Extracted information —

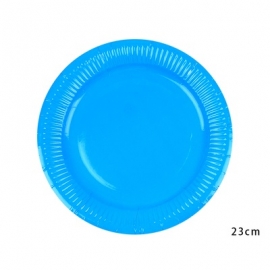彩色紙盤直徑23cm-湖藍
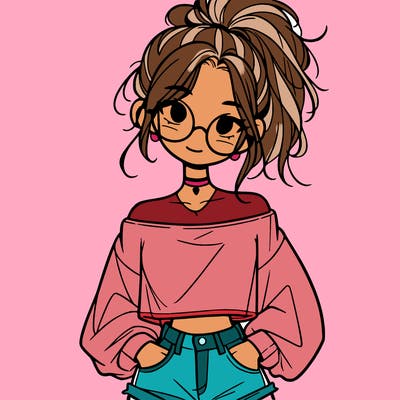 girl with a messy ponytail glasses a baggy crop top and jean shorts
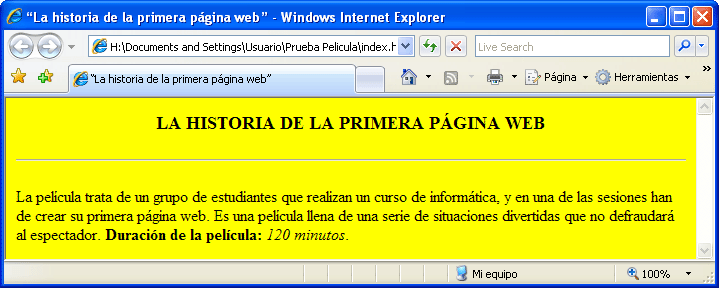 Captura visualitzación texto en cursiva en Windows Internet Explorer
---
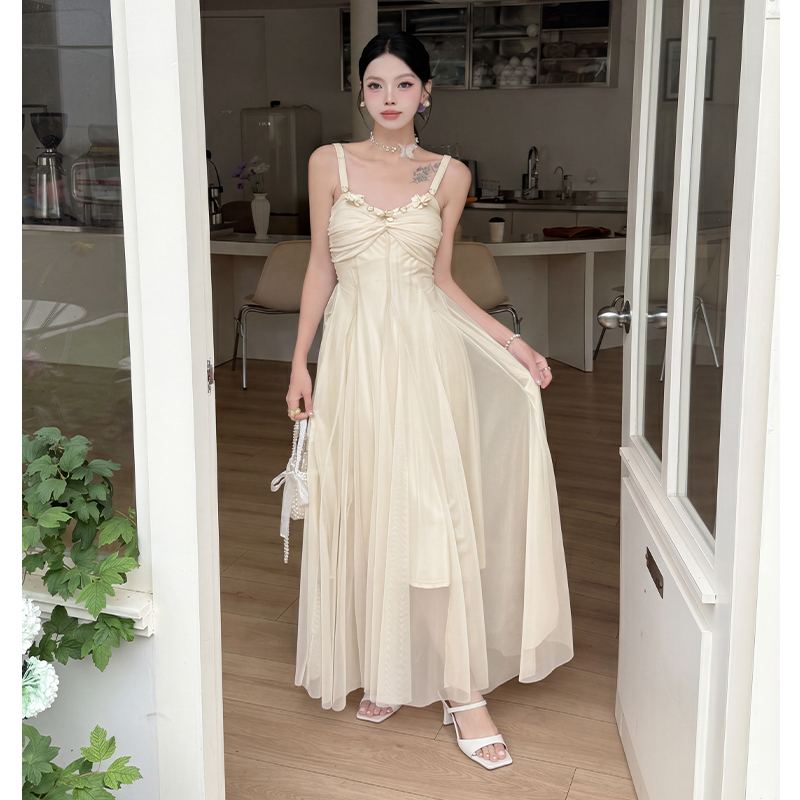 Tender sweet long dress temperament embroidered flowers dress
==
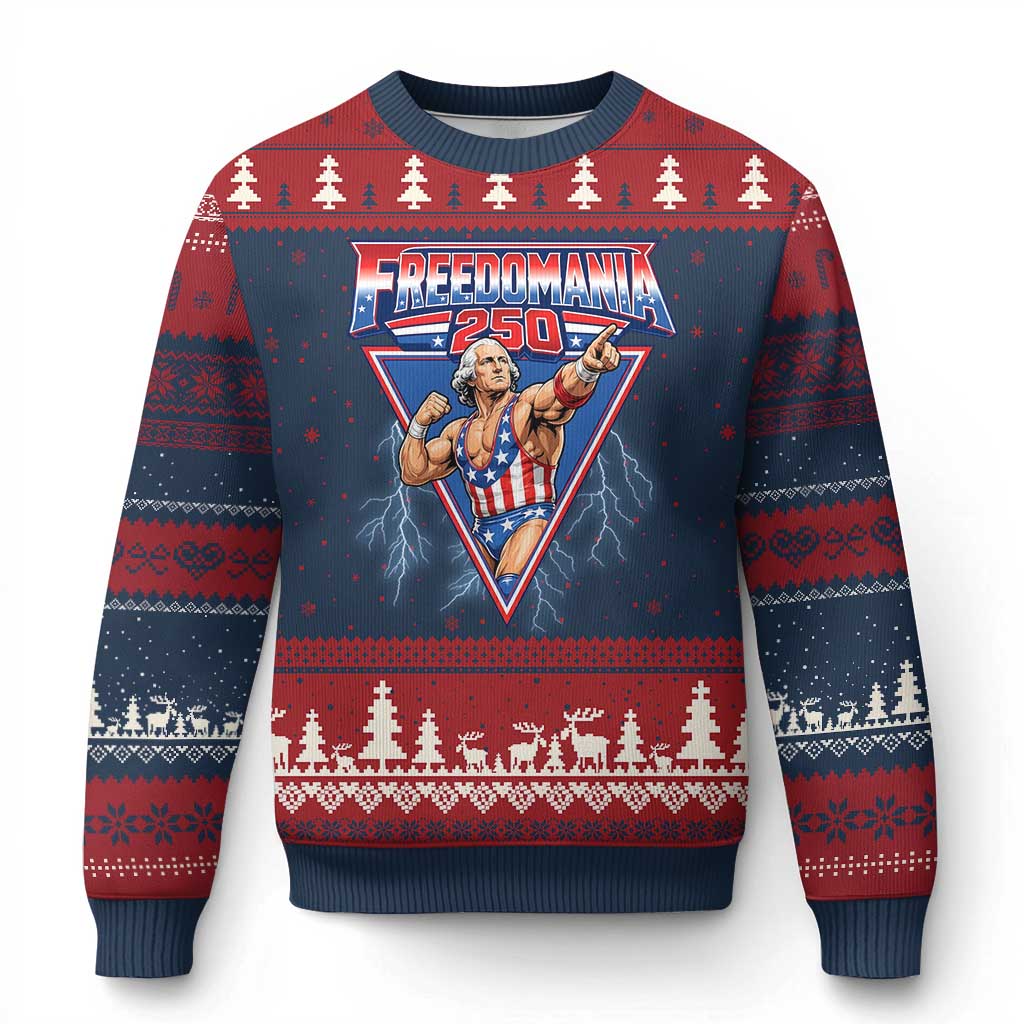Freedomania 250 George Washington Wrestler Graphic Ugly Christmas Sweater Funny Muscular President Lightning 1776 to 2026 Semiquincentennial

What is required —
Pictures are to be left out. Write out only the lines above starting at the one with "girl with a" and ending at the one with "Captura visualitzación texto", both lines included, exactly.

Answer to this task —
 girl with a messy ponytail glasses a baggy crop top and jean shorts
 Captura visualitzación texto en cursiva en Windows Internet Explorer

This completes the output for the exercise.